Monday, May 29, 2017

On a day with only six strikeouts, the Yankees cracked Oakland

Yesterday, Matt Holliday appeared at the perfect moment for a nipple-twisting, pineapple-crapping turd of a strikeout. 

It was the third inning, we were down 2-1, two runners on, and he had taken a curve ball strike one. We all knew what was coming: Two more fat, bloated swings and misses, a strikeout, which has become to Yankee rallies what salmonella is to a cookout. 

This time, though, Holliday put his bat on the ball, lifting a long fly to right, where Matt Joyce settled under it.

And botched it.

Yep, he dropped it. You could hear every Little League coach that ever lived yelling, "Two hands!" But Joyce used one. He botched it, flubbed it, bungled it, muffed it, boned it, Canseco-ed it, Exxon-Valdezed it, Chernobyled it, Fukushima Nuclear Power planted it... Sean Spicered it.

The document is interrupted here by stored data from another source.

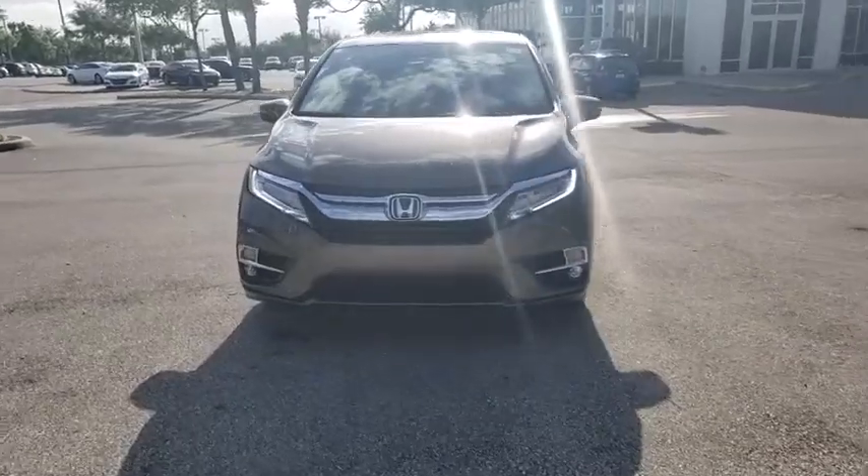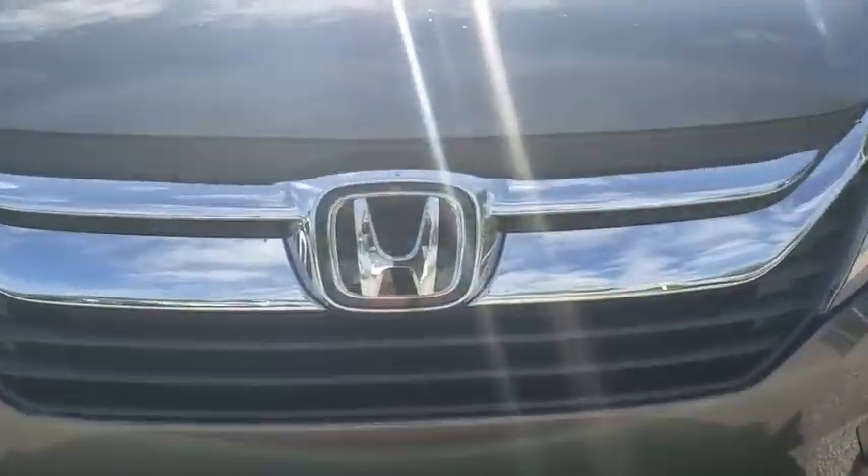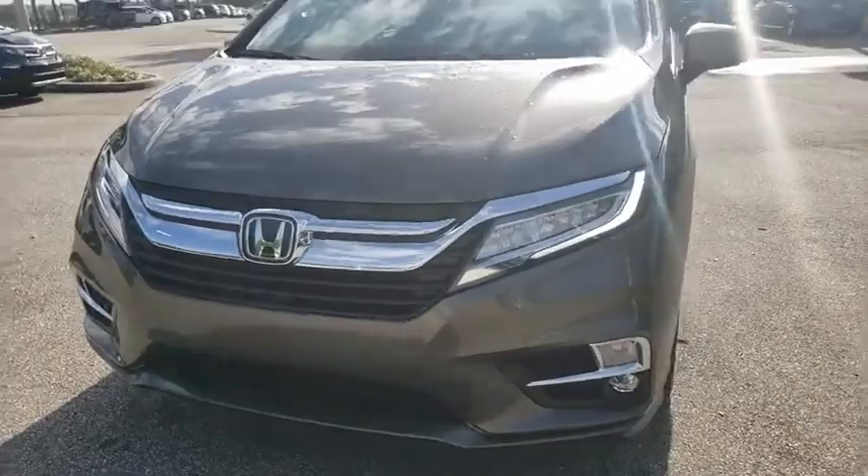Power passenger seat, lane departure warning, Bluetooth, leather wrapped steering wheel, adjustable steering wheel, power steering.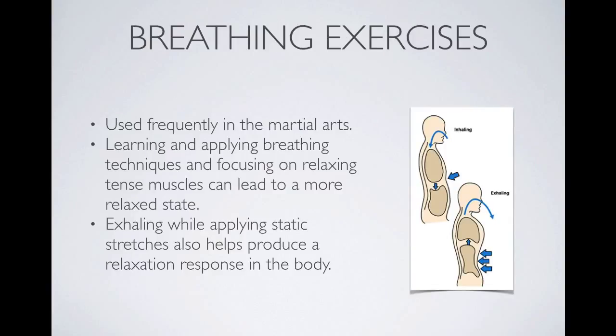Breathing exercises are also used by athletes to calm down and are used very frequently in martial arts. Breathing techniques can relax the entire body — muscles as well as the mind. An example is abdominal breathing, which is very common in relaxation techniques such as Tai Chi and Qigong. The athlete breathes in and out with significant movement in the abdomen area rather than breathing from the chest.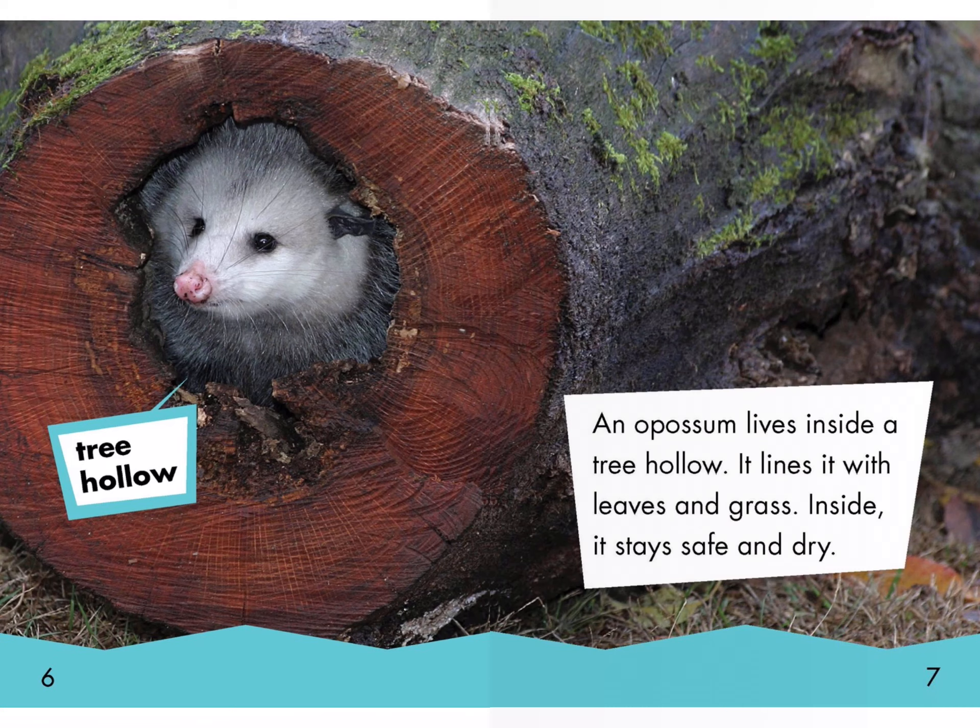A possum lives inside of a tree hollow. It lines it with leaves and grass. Inside it stays safe and dry. Tree hollow.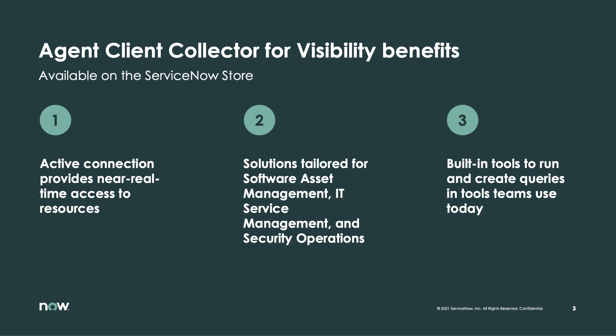Agent Client Collector is an alternative to our traditional IP-based discovery for customers who are looking for a push-based model, where agents run as a background service on the target systems. With this agent, our customers can rely on more accurate, more real-time information to design better workflows in areas such as IT service management, monitoring, sec ops, software, and hardware asset management. And that means ACCV gives teams the ability to query live data in near real-time, right in the ServiceNow solutions they use every day. But before we get into the demonstration, let me give you a quick introduction of the product and the general architecture of the agent.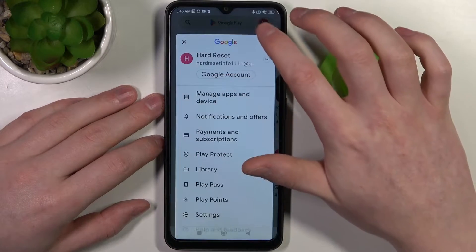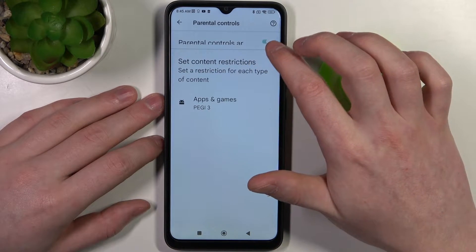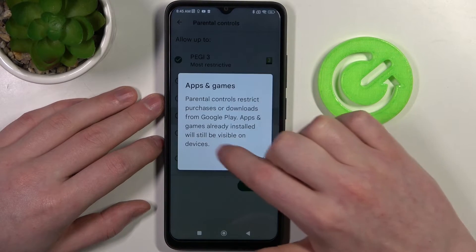To fix this, go back, click on your profile picture, head into Settings, reveal Family, enter Parental Controls, and either disable them entirely or go to Apps and Games, enter the pin code, click OK, and increase the rating to 16 or 18.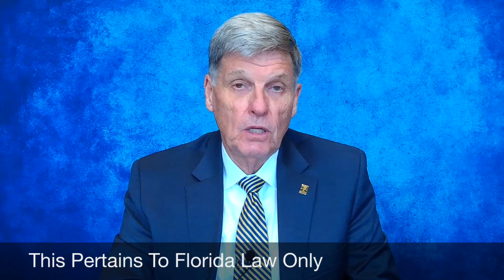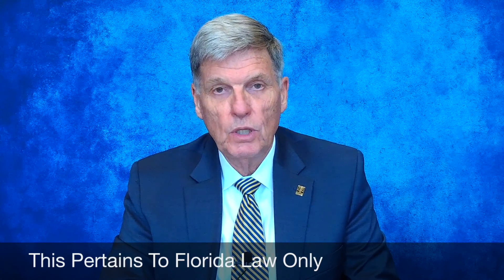If you have unrecorded deeds that give you a right to occupy a property or to purchase property — and they're unrecorded — you certainly need to preserve those and take those with you.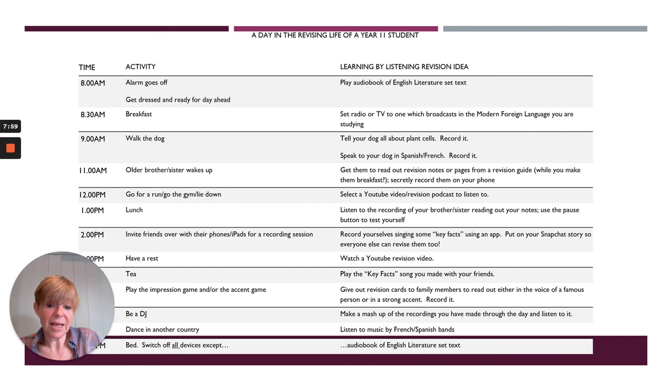There are also things like making a song, as already mentioned, and giving out revision cards — combining more conventional ways of revising. Flashcards they've created earlier in the day: you could say, 'Why don't you give me a flashcard, I'll read them out, and you record me?' and they can listen to it later. There are lots of ideas here across many subjects, basically using their phone. Thank you.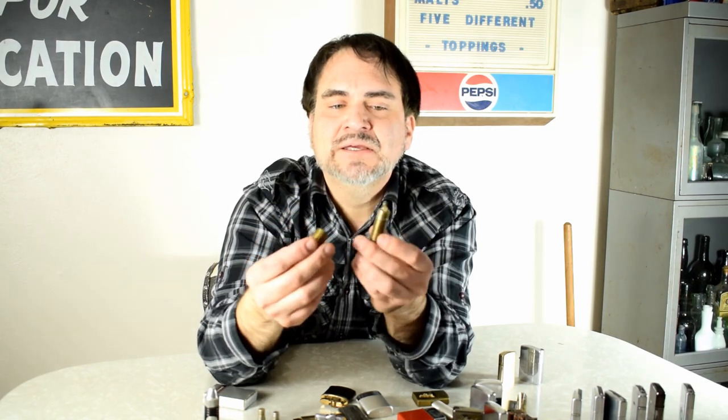Another small trench lighter — this might be from a military kit of some sort. Even though it looks shiny, it could still be as early as World War I. A lot of advertising lighters in the lot too. Those I usually put $24 to $50 a piece on them.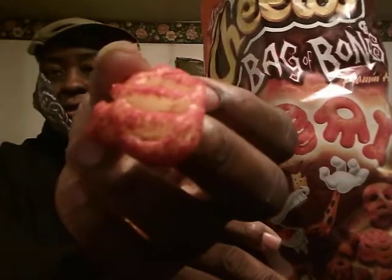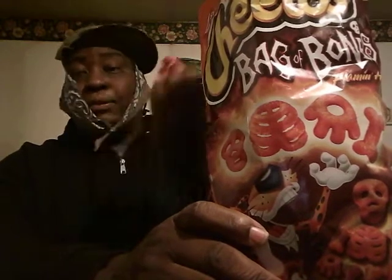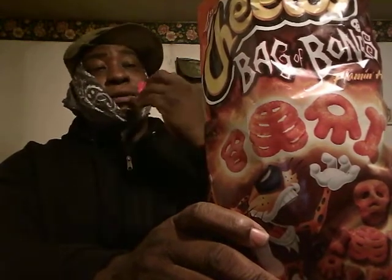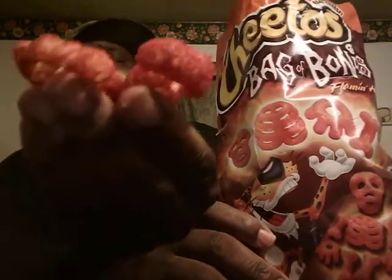Alright, let's pull one out and see what we're working with. Right there — it looks like a skeleton, kind of like a bone shape. Let's try it out and see what it tastes like. It was pretty decent — fresh and crunchy. These are not bad at all.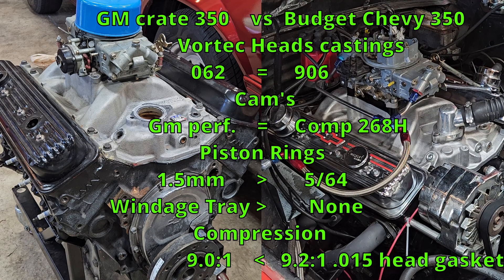After comparing these two engines, I give the slight advantage to the 330 horse crate engine. The windage tray and the 1.5 millimeter ring package gives it an advantage. Let's see how it does in the eighth mile — I'll convert it to a quarter mile.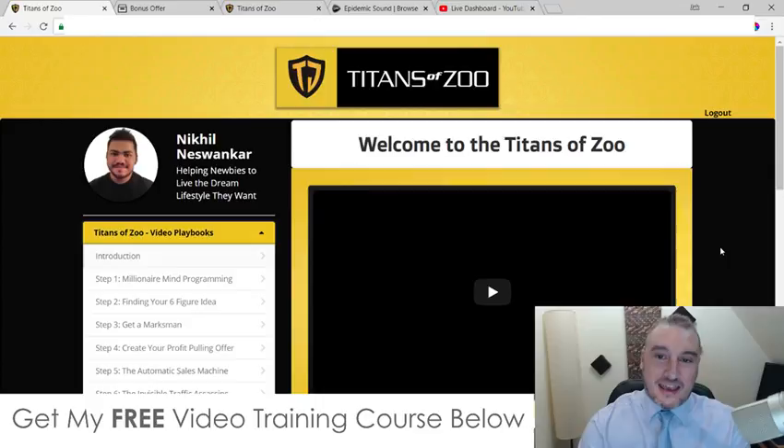Hi, what's going on everyone? It's Jono here from Jono-Armstrong.com. Welcome to my Titans of Zoo review. I'm here inside the members area of Titans of Zoo and I'm going to give you a full run through of exactly what you can expect if you choose to buy Titans of Zoo inside of this review video.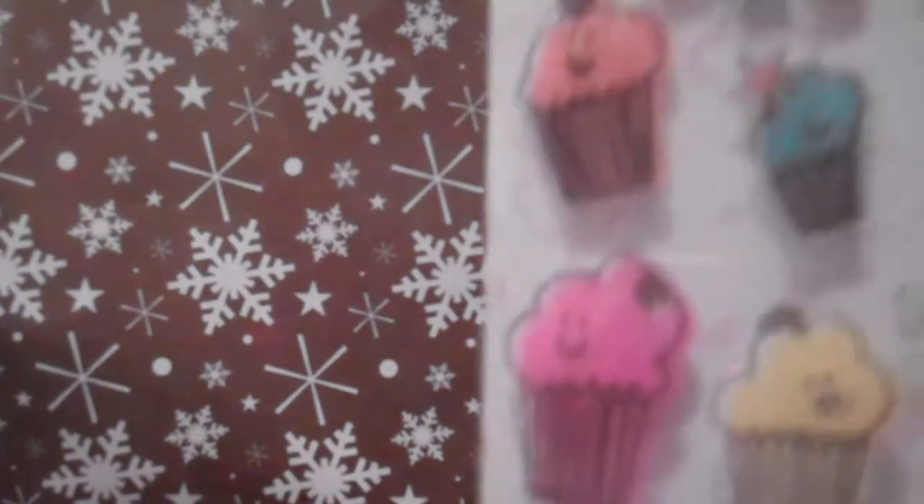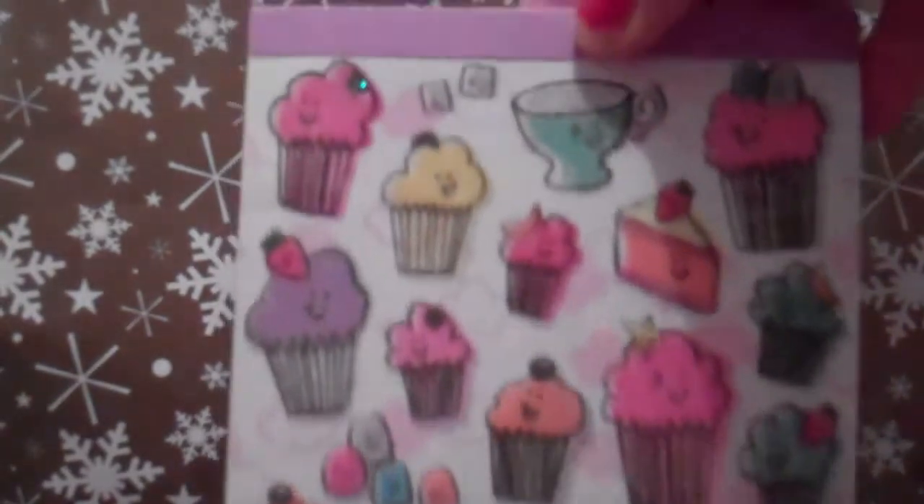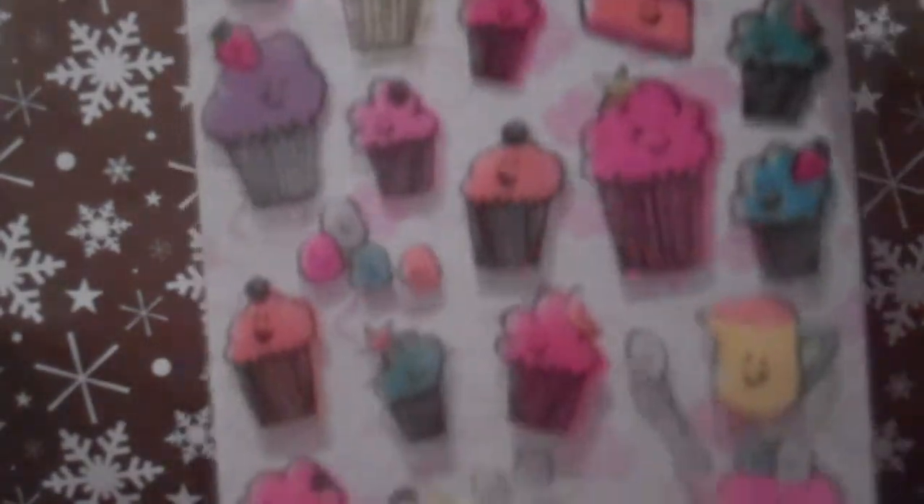And I also got this notepad. It's sparkly as well, and the pages in the notepad are really nice. It's the same design but it's a really really nice page. You can see it's got all the cupcakes and stuff like that. And that is what I got for my pick and mix box today.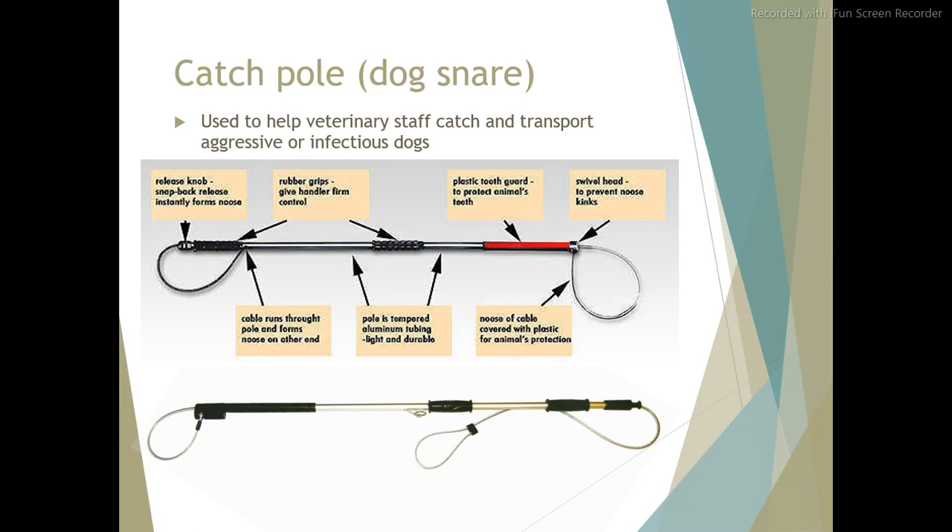Catch pole and dog snare. Used to help veterinary staff catch and transport aggressive or infectious dogs.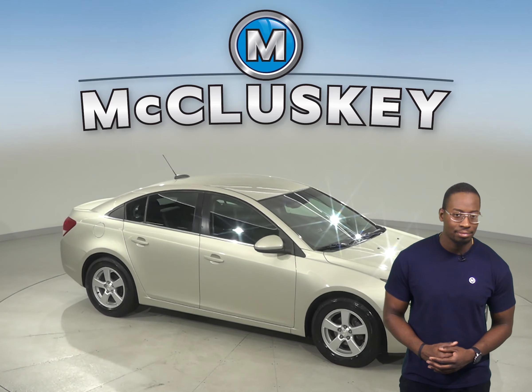This Cruze has passed our 172-point inspection and is ready to hit the road. Come on down and try it before you buy it with our free 48-hour test drive.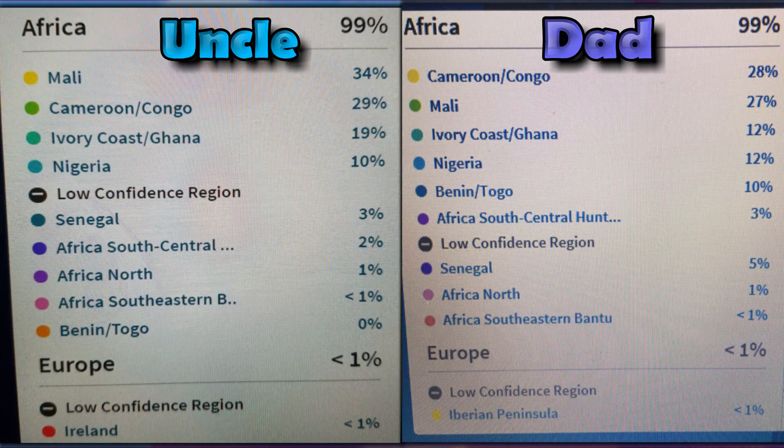Also with GEDmatch, you guys saw that I had results of Mali — that was one of the higher results that came up several times throughout the various DNA tests. It's just really crazy results and I'm gonna put these side by side so you all can look at both. It's also interesting how my dad has 10% Benin/Togo while my uncle has 0% — he didn't get any of that DNA.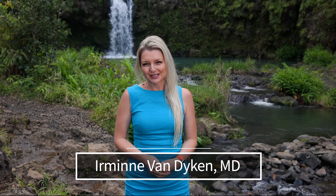Aloha, I'm your Minna Van Dyken MD from Out of the Doldrums. Today, we will be discussing the top 10 foods to boost nitric oxide in the body.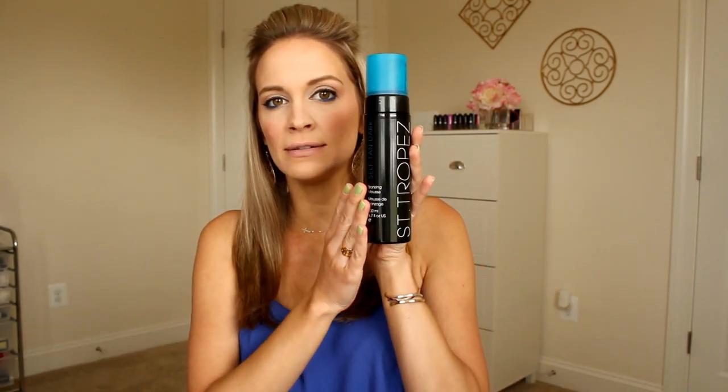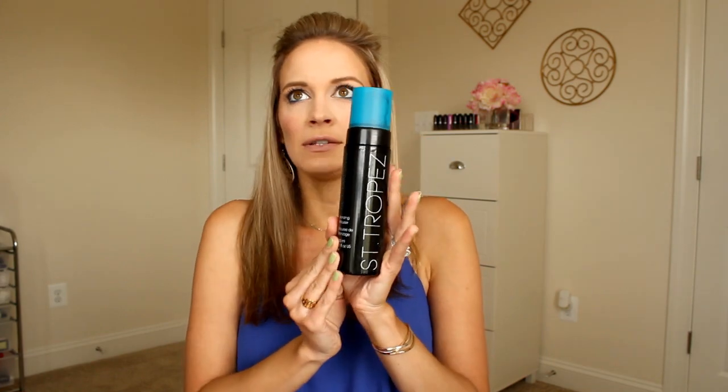For my upper body — my arms, chest, everything like that — I prefer the Saint Tropez Bronzing Mousse. This stuff is so good. It does come out like a mousse, but you have to be really quick with your mitt rubbing it in because it will dry kind of quickly. It gives you the best color — I did just apply some, you guys can probably tell. The only thing is you have to work really quickly, and if you have not exfoliated beforehand it can get a little streaky, which is why I don't use it on my legs.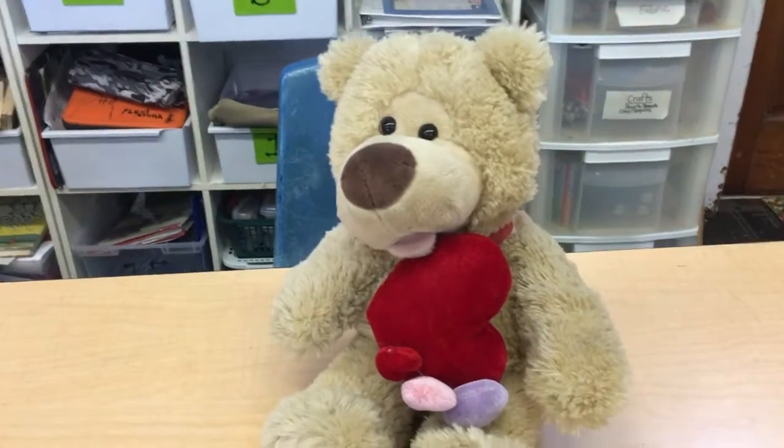Hey, today we get to play some math games before math. I get to play math games before math because I'm the only one here. Well, and Carl. Carl's playing too. Alright, Carl, so we're gonna play horse in the barn.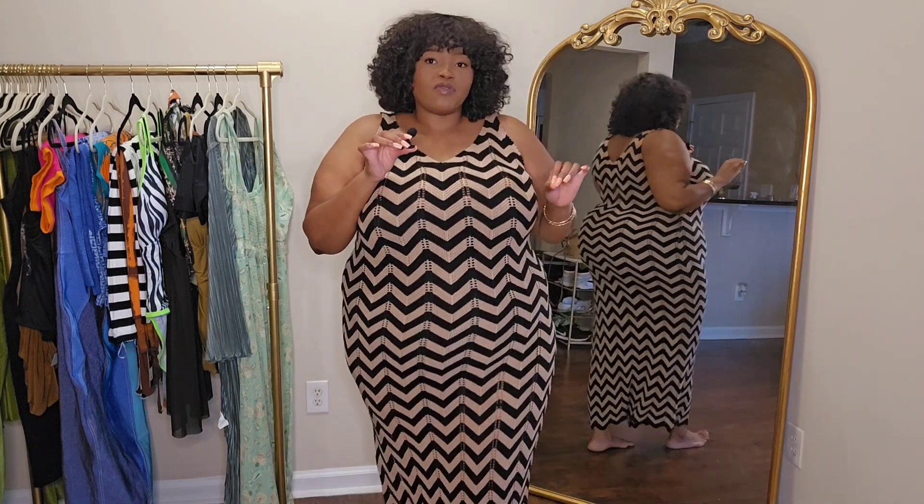No bra, girl — no bra, because it's not gonna look right at all. For my girlies that like to go braless, or if you have smaller busts, this is gonna look so good on you. The colors are definitely doing it for me. She's definitely sexy but she's cute — I like this. Let's move on to the last dress!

Bases loaded for Aaron Judge.

Of course, everybody knows that Judge hit his first MLB grand slam, putting the Yankees ahead to stay. But it was Holliday's non-strikeout that set the table. Any time you put the ball into play, there is a chance something will break your way. And every time you strikeout...

Wait a minute. WTF? Why am I writing this? Everybody knows this. Fourth graders know it. Indigenous tribes on South Pacific islands, untouched by Jared Kushner, know it. Bedbugs know it. The cooties in your butt wad know it: With two strikes, you choke up and shorten your swing. They're still studying it, but a bag of rocks may even know this, and trust me here: You don't want to be as dumb as a bag of rocks. 

Only six strikeouts. A half-dozen. A great Yankee win. (Note: Every Yankee win is a great Yankee win.) Listen: This isn't me getting down on this team. This is me offering hope. Only six strikeouts. Maybe, just maybe, we get back to basics?